▸ **Exercise directions**
Could you retype the records below exactly as they appear, skipping any pictures?

Excerpted records below:

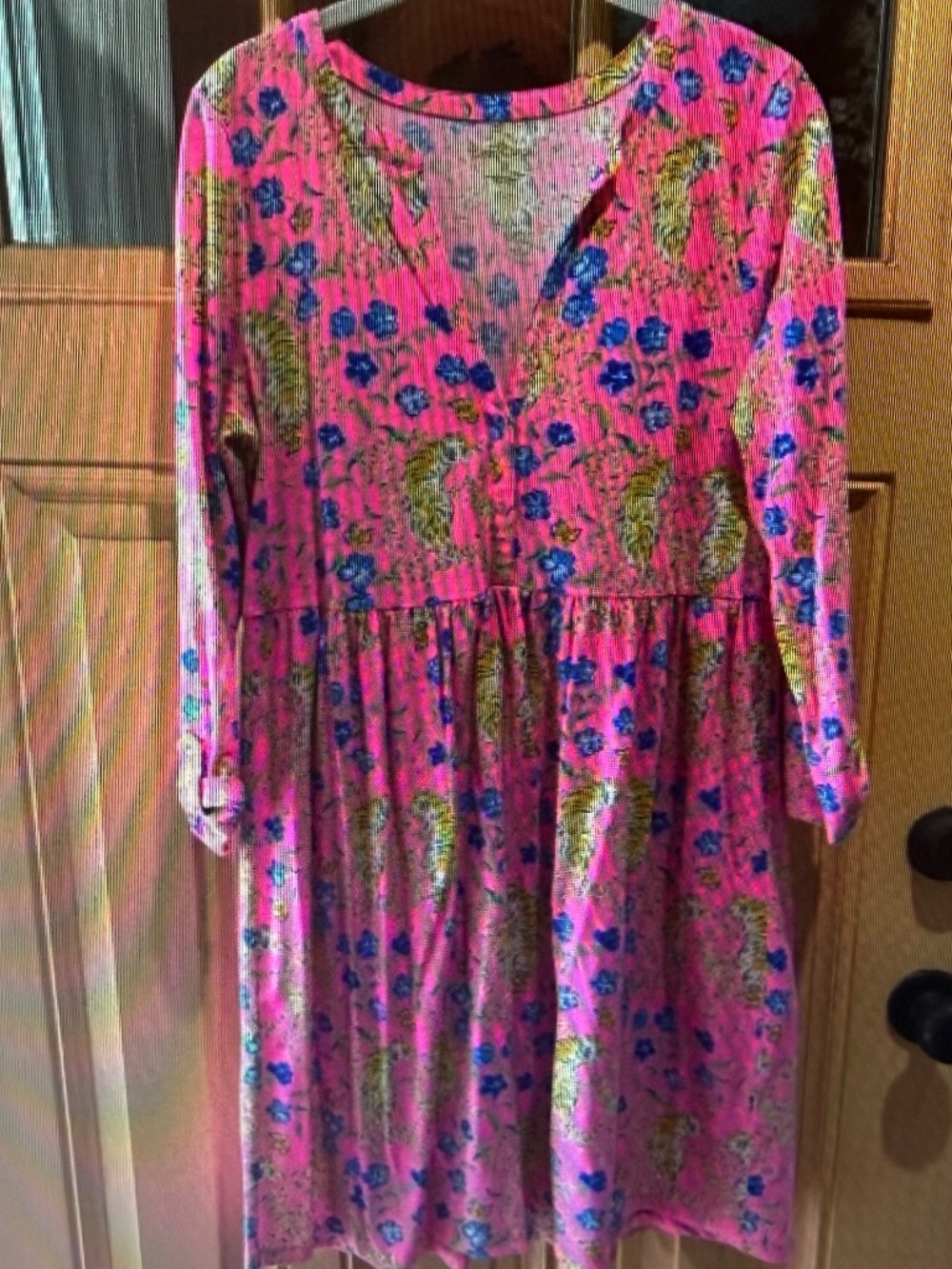 Loran Dress - Prosecco Pink Tigress Garden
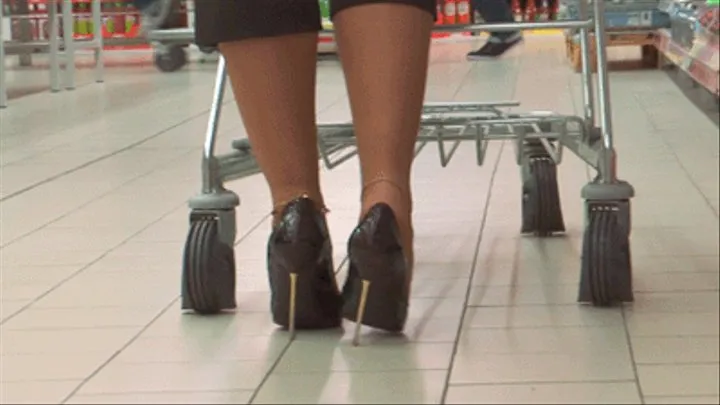 Shopping After The Work In Tight Renzi Pumps 2 - Part 2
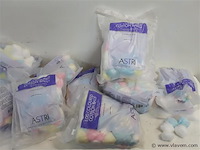 10 x katoenen bolletjes 100 stuks - afbeelding 1 van  2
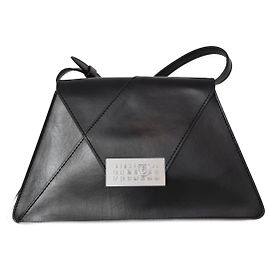 Borsa a tracolla media nera Numeric MM6 Maison Margiela Nero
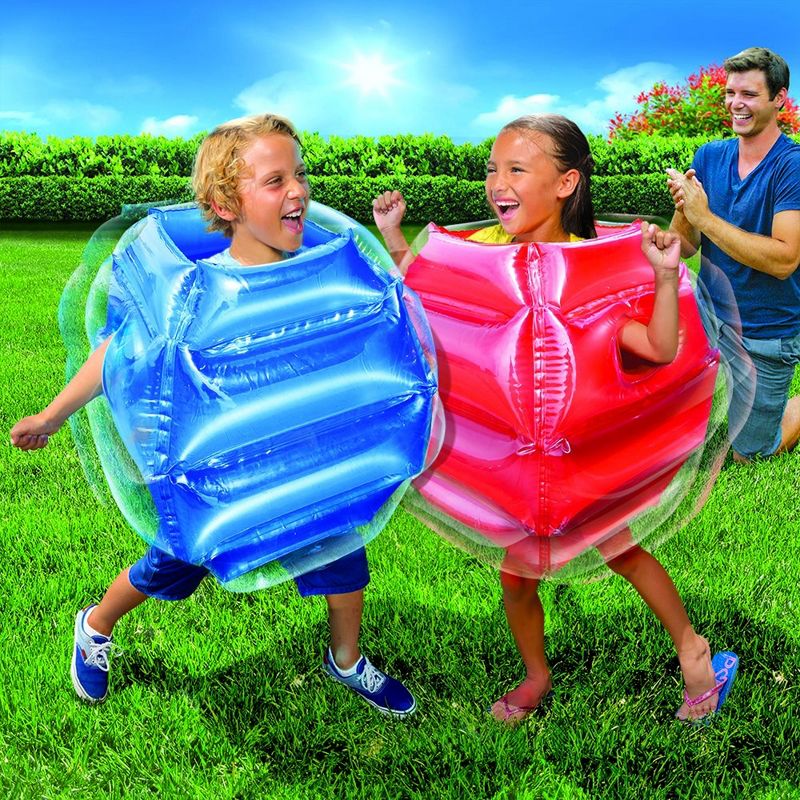 Banzai Sun 'N Splash Fun Kids Inflatable Bounce House & Water Slide Splash Park & Battle Bop Combo Pack with 2 Inflatable Gloves & 2 Body Bumpers, 5 of 7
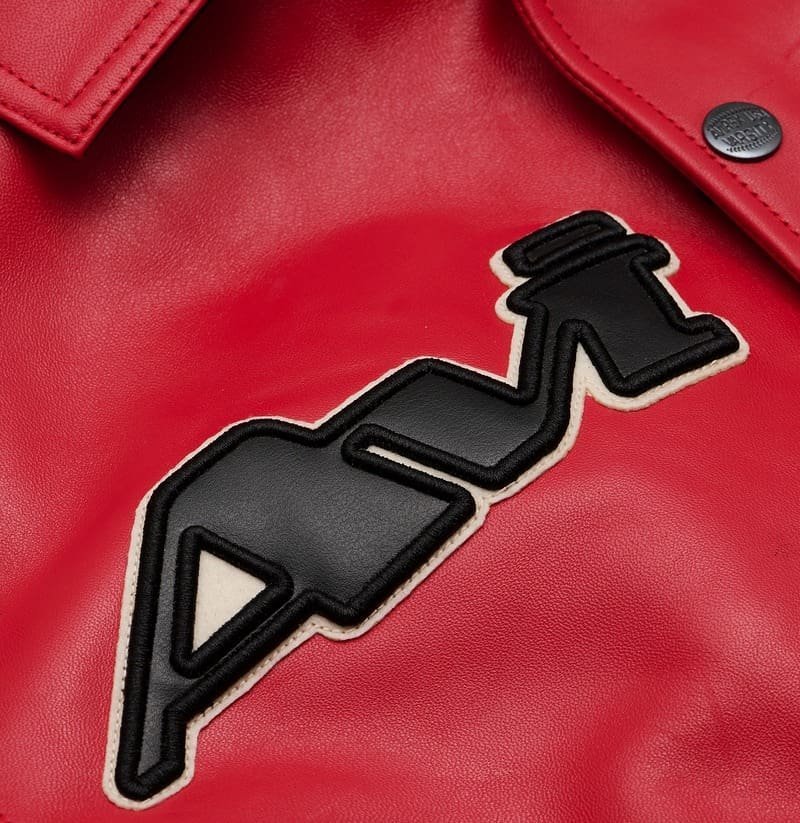 Avirex Legend Leather Jacket Red - Image 8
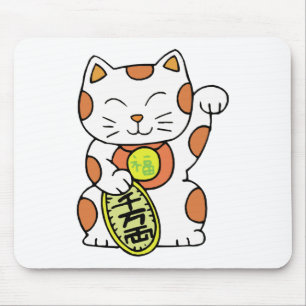 Maneki Neko Mouse Mat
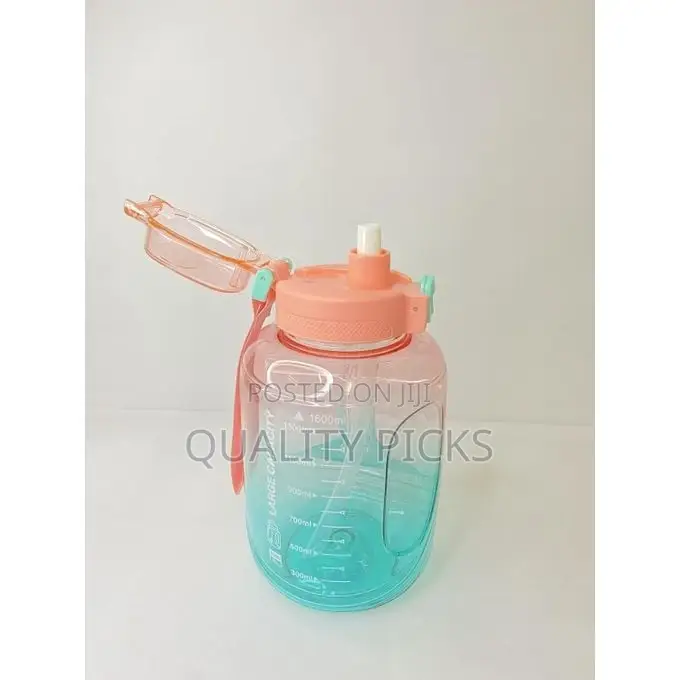 1 Piece of Half Gallon Sports Water Bottle With Carry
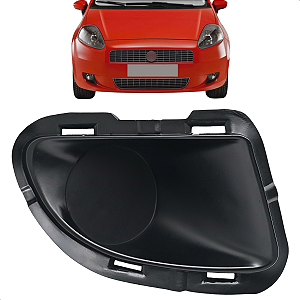 Moldura Tela Grade Milha Punto 2007 2008 2009 2010 2011 2012 Preto Sem Furo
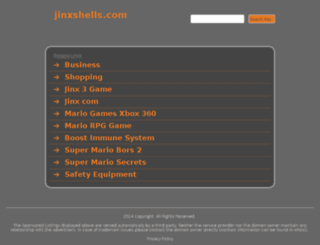 jinxshells.com screenshot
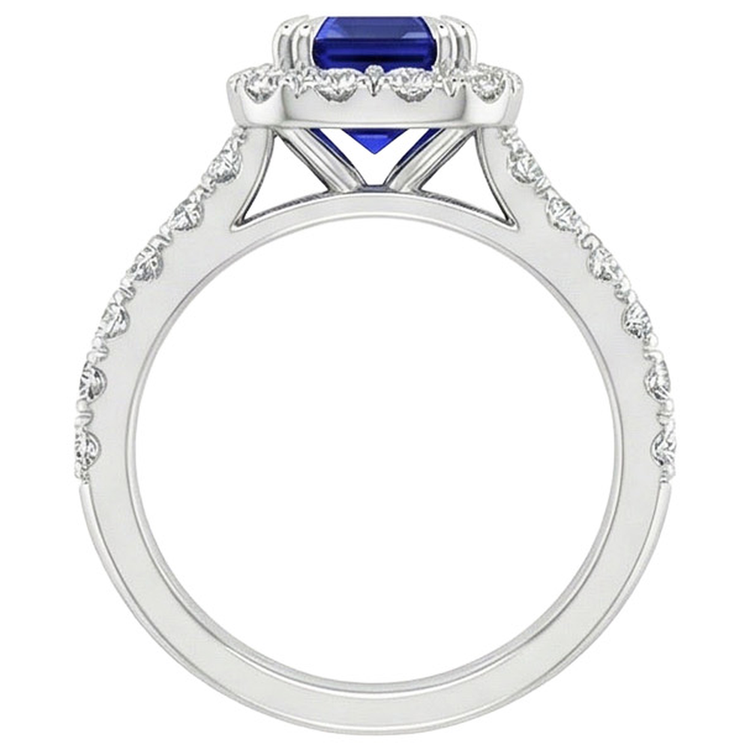 naturel diamant 5carats bague angle de côté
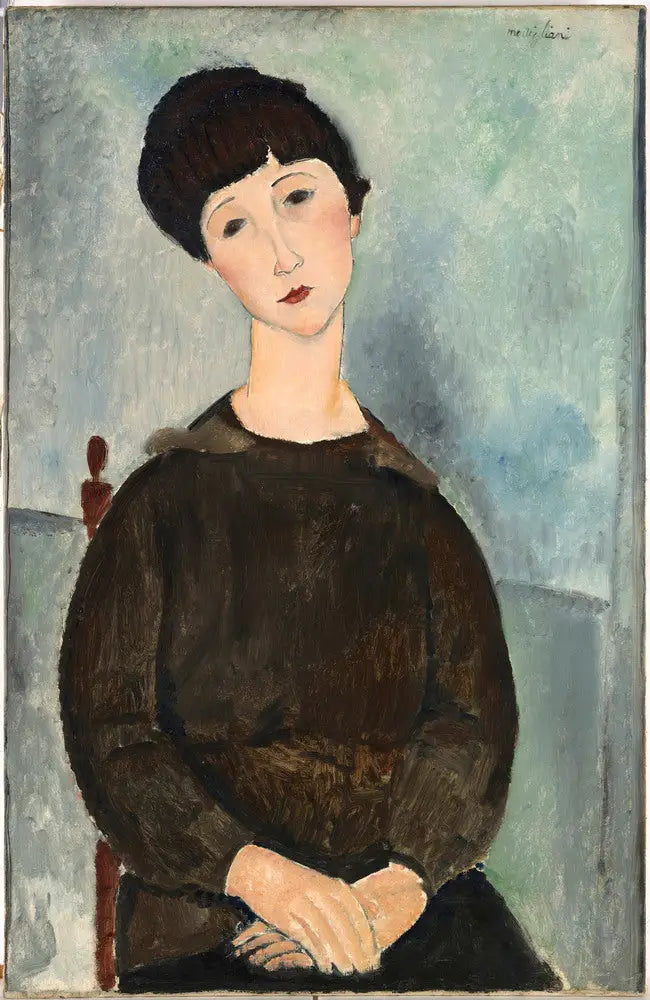 La Chevelure noire - Amedeo Modigliani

End of Excerpted records.

▸ **Result of this exercise**
 Loran Dress - Prosecco Pink Tigress Garden
 Shopping After The Work In Tight Renzi Pumps 2 - Part 2
 10 x katoenen bolletjes 100 stuks - afbeelding 1 van  2
 Borsa a tracolla media nera Numeric MM6 Maison Margiela Nero
 Banzai Sun 'N Splash Fun Kids Inflatable Bounce House & Water Slide Splash Park & Battle Bop Combo Pack with 2 Inflatable Gloves & 2 Body Bumpers, 5 of 7
 Avirex Legend Leather Jacket Red - Image 8
 Maneki Neko Mouse Mat
 1 Piece of Half Gallon Sports Water Bottle With Carry
 Moldura Tela Grade Milha Punto 2007 2008 2009 2010 2011 2012 Preto Sem Furo
 jinxshells.com screenshot
 naturel diamant 5carats bague angle de côté
 La Chevelure noire - Amedeo Modigliani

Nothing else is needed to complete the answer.